In this first comprehensive monograph on American architect and artist Maya Lin, the astounding scope of her last three decades is considered through photographs, sketches, a foreword by John McPhee, and compelling essays from Paul Goldberger, Dava Sobel, and Lin herself, among others. While the 50 projects featured in Maya Lin: Topologies (Rizzoli, $75) range from sculptural earth forms to memorials, institutional structures, and residences, Lin’s wonder at and respect for the natural world shine through in each.
Lin was only an undergraduate at Yale when she entered a class assignment into the competition for a Vietnam Veterans Memorial in Washington D.C. Her spare, ground-cleaving design was picked out of 27,000 entries, and the result, built in 1982, has become one of the most visited memorials in the world.

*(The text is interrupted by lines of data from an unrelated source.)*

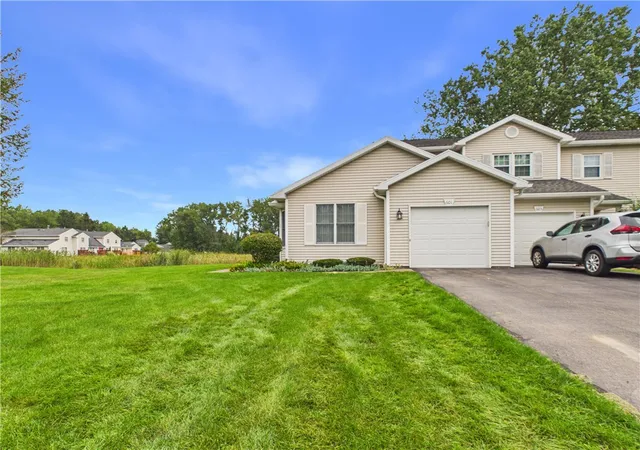 Photo 3 of Sale Pending at 601 Strand Pond Cir, Webster, NY 14580 | MLS# R1711962 | Listing updated on 2026-09-08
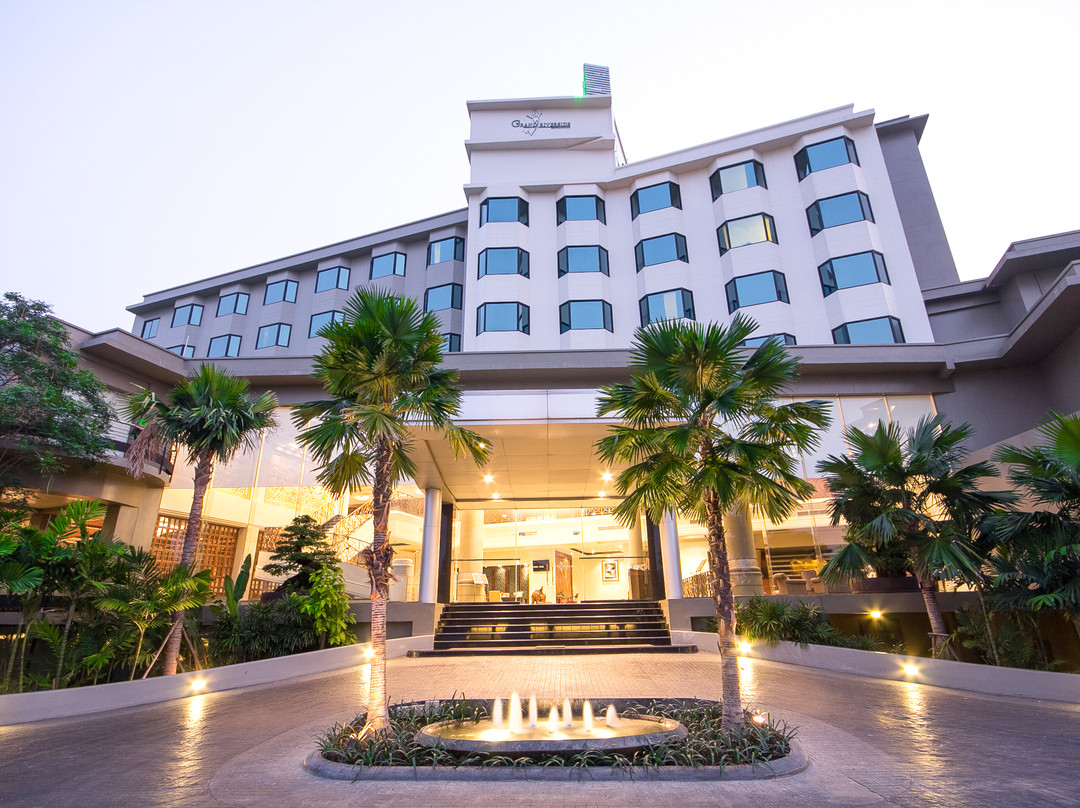 彭世洛滨江大酒店酒店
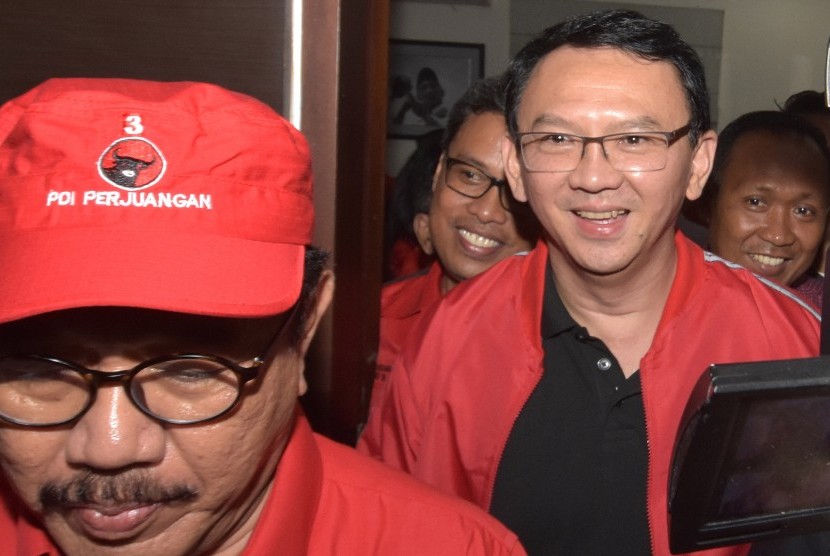 Mantan Gubernur DKI Jakarta, Basuki Tjahaja Purnama alias BTP (kanan) bersama para kader PDIP saat berkunjung ke kantor DPD PDIP Provinsi Bali, Denpasar, Bali, Jumat (8/2/2019). 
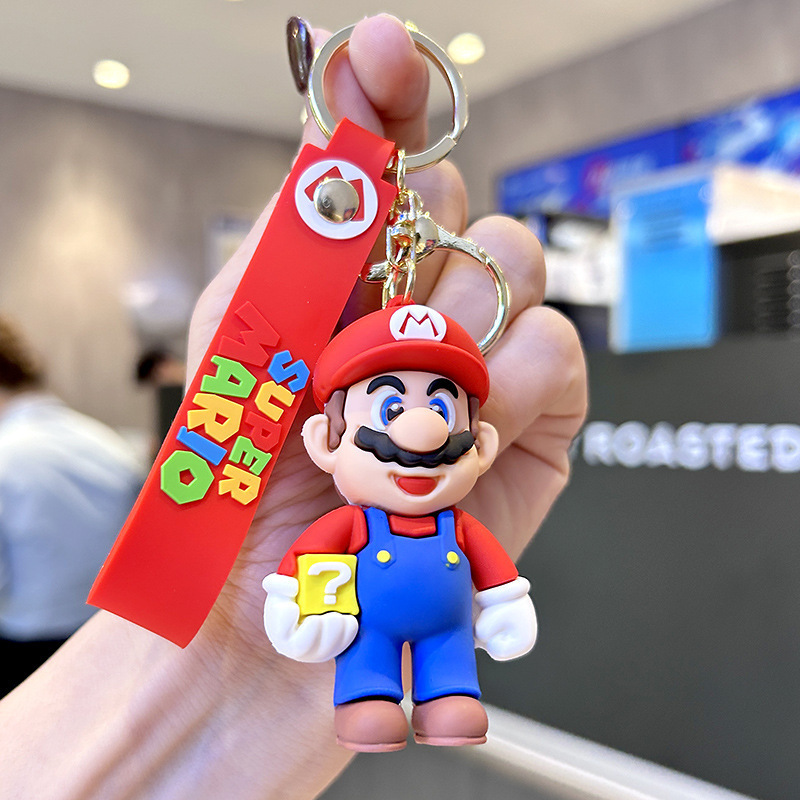 2024 New Creative Cartoon Drop Glue Super Mario Key Chain Cute Action Figure Mario Backpack Car Chain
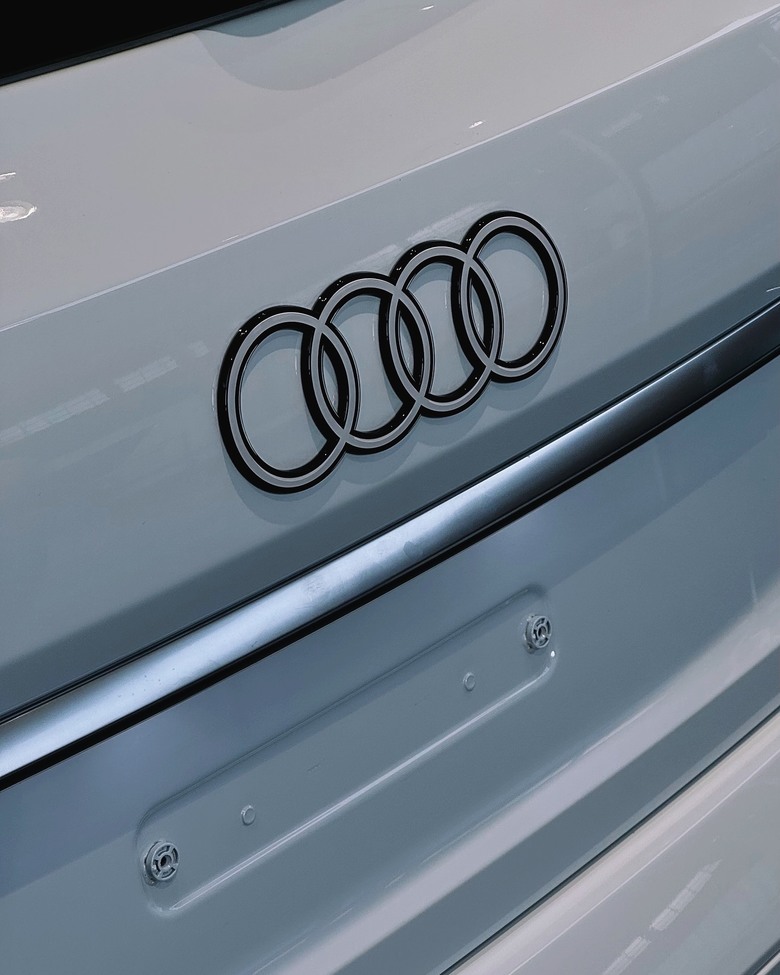Audi Q7 45 TFSI quattro｜小改款｜金屬冰川白 Glacier White 2Y｜實車照片分享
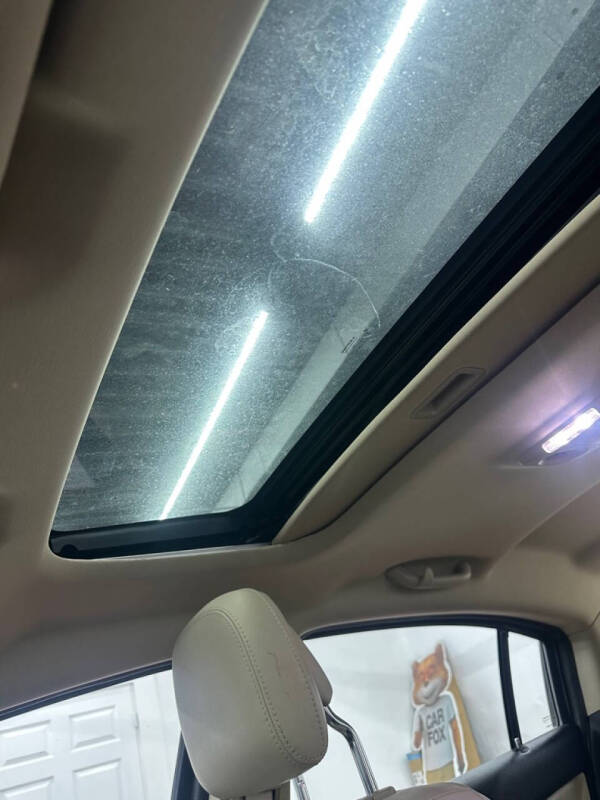 2013 Chrysler 200 Limited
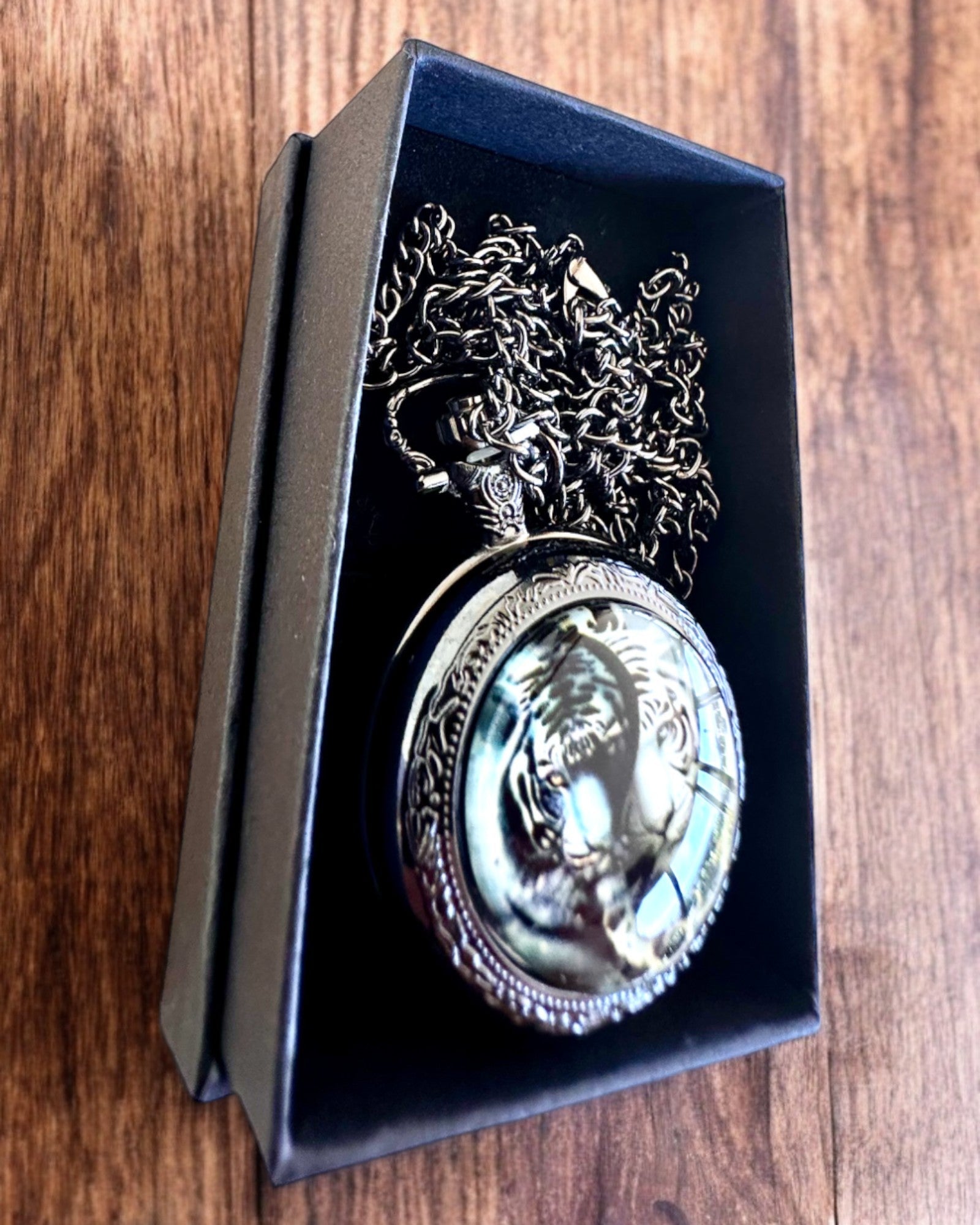 Reloj de bolsillo "Tygrysia Elegancja" de acero inoxidable con opción de grabado para regalo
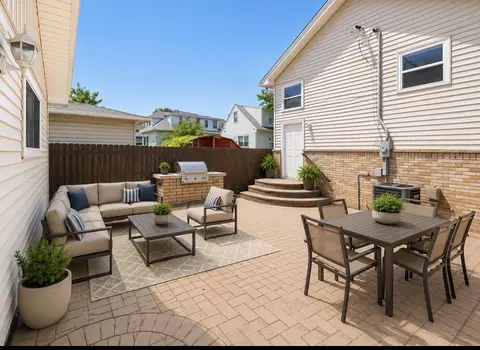 Exterior - 7319 W 58th Pl, Summit, IL 60501 photo 3 of 5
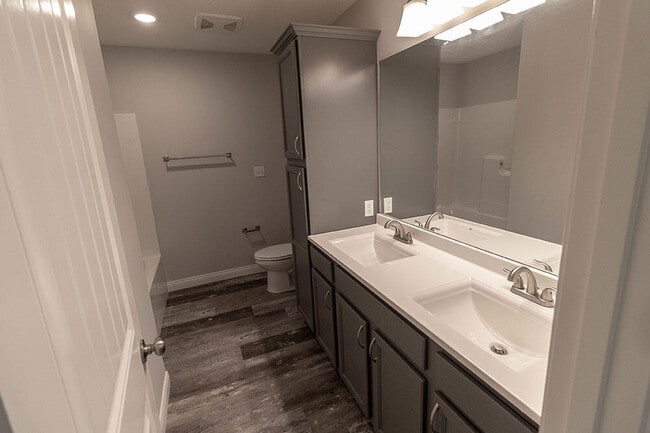 Building Photo - 2801 Amberwood court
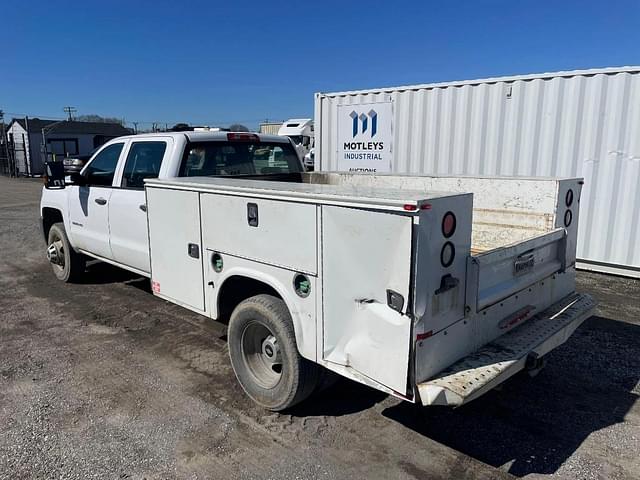 Image of Chevrolet 3500 equipment image 1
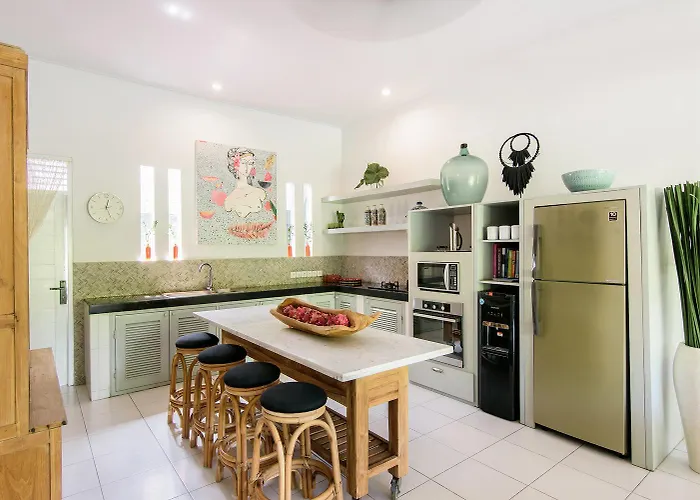 Villa Bloom 3 - Coastal 2 Brm Sleeps 4 Seminyak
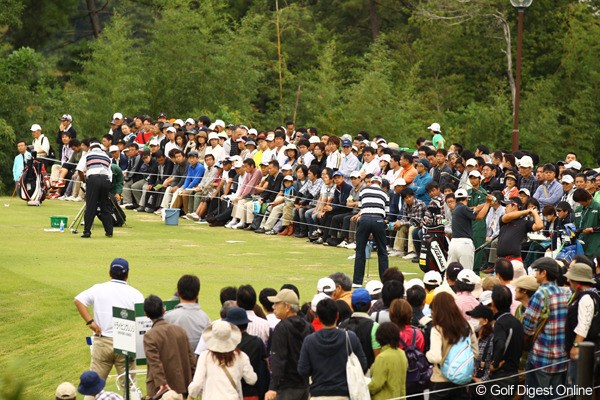 2010年 日本オープンゴルフ選手権競技 最終日 ドライビングレンジ 練習場にも朝早くからギャラリーが押し寄せます。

Many of Lin’s works begin with gestural sketches, simple lines that are then executed in stone, metal, and earth. Here, a stone bell tower on the campus of Shantou University in Guangdong, China, features an unembellished metal arc inspired by calligraphic brushstrokes.
Eleven Minute Line is from a series of earthwork installations Lin calls “Earth Drawings.” Located outside the Wanås castle in Knislinge, Sweden, the original sketch was repeatedly adjusted to fit into the scale and slope of the pasture that hosts the final product.
Lin created the on-site installation, Groundswell, for the Wexner Center for the Arts at the Ohio State University in Columbus. She poured two colors of broken safety glass into throwaway spaces that were both highly visible and neglected, creating volumes and shadings that evoke landscape and seascape.
Lin designed the Museum of Chinese in America, located in New York’s Chinatown. As a backdrop to chronicling the history of Chinese Americans from the 1800s to the present day, she left the museum’s inner courtyard raw as a reminder of the history immigrants bring with them to new countries.
In one of the book’s essays, “The Courage to Omit,” architecture critic Paul Goldberger praises Lin for navigating the line between simplicity and complexity. In this private New York residence, Lin used movable walls and partitions to maximize utility while maintaining a simple, clean aesthetic.
Maya Lin: Topologies is out this month from Rizzoli.